Karantina Döneminde Evlilikler Nasıl Etkileniyor?

Dünyada krize neden olan coronavirus (COVID-19) salgını bilindiği üzere Dünya Sıhhat Örgütü tarafından da pandemi ilan edilmiş olup ülkeler salgına yönelik önlemler almıştır. Ülkemiz de dâhil olmak üzere alınan bu önlemler kapsamında, bireylere salgının yayılmasını önlemek maksadıyla meskenlerinde kalması önerilmiştir.

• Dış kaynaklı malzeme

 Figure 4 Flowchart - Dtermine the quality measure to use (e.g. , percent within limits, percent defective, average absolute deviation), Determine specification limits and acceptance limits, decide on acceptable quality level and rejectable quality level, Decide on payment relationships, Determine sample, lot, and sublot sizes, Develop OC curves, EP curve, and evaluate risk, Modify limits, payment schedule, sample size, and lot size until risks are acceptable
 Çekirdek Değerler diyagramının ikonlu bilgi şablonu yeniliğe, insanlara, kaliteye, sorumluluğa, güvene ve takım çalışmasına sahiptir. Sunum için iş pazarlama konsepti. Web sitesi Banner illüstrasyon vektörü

Pandemi sürecinde fizyolojik sıhhatin etkilenmesine ek olarak ruhsal sıkıntıların da baş göstermesiyle bu süreçten en çok etkilenen evli çiftler de bu kümeler ortasında yer alıyor. Salgınla bir arada uzun mühlet baş başa kalan çiftlerde, birbirlerine tahammül etmekte zahmet tartışma ve suçlama üzere sıkıntılar artabilmektedir.

Bu süreçte çiftler ,yaşanan bu devir öncesinde ağır iş hayatından fırsat bulamadıkları hobilerine yönelip keyifli vakit geçirebilecekleri aktivitelere yönelmelidir. Tv’de gerilim yaratacak salgın haberleri izlemek yerine birlikte yapılabilecek aktivitelere yönelmeleri daha sağlıklı olacaktır. Bunlar sinemalar, diziler, çeşitli oyunlar olabilir. Bunun yanında konutta geçirilen vaktin tamamını eşinizle geçirmeyin kendi alanınız da olsun, kendinize de vakit ayırmayı ihmal etmeyin.

Bu sürecin getirdiği farkındalık çiftleri iki halde etkileyebiliyor. 

 Kimi çiftleri birbirlerine daha fazla yakınlaştırıp daha keyifli ve kaliteli vakit geçirmeye teşvik ederken, öbür yandan kimi çiftler içinde baş başa uzun müddet yan yana olmak adeta kaosa dönüşebiliyor. Aslına bakılırsa bu süreç eşlerin birbirlerini daha âlâ anlayıp, tanımalarına imkan sağlayan bir devir. Burada değerli olan bizim süreci nasıl algıladığımızla alakalıdır.

 Her sorun aslında bir fırsattır. Bu fırsat nasıl, ne biçimde değerlendireceğinizde size kalmış. Sorunlu evliliklerde, eşler sorunu çözmek yerine meseleden kaçmayı da tercih edebilir. Pekala ne yapmalıyız ?

  • Yaşanan rastgele bir sorun durumunda yaşanan sorunun farkında olup bu sorunu çözmeye çalışmak çiftler için daha yararlı olacaktır. 

  • Önemli bir konu olarak ta hengame bazen çiftler için sorun olarak algılansa da aslında tartışmalar bağ için gerekli ve olması gereken bir şeydir. Tartışmaktan korkmayın. Burada asıl sıkıntı tartışmayı güzel yönetebilmek. 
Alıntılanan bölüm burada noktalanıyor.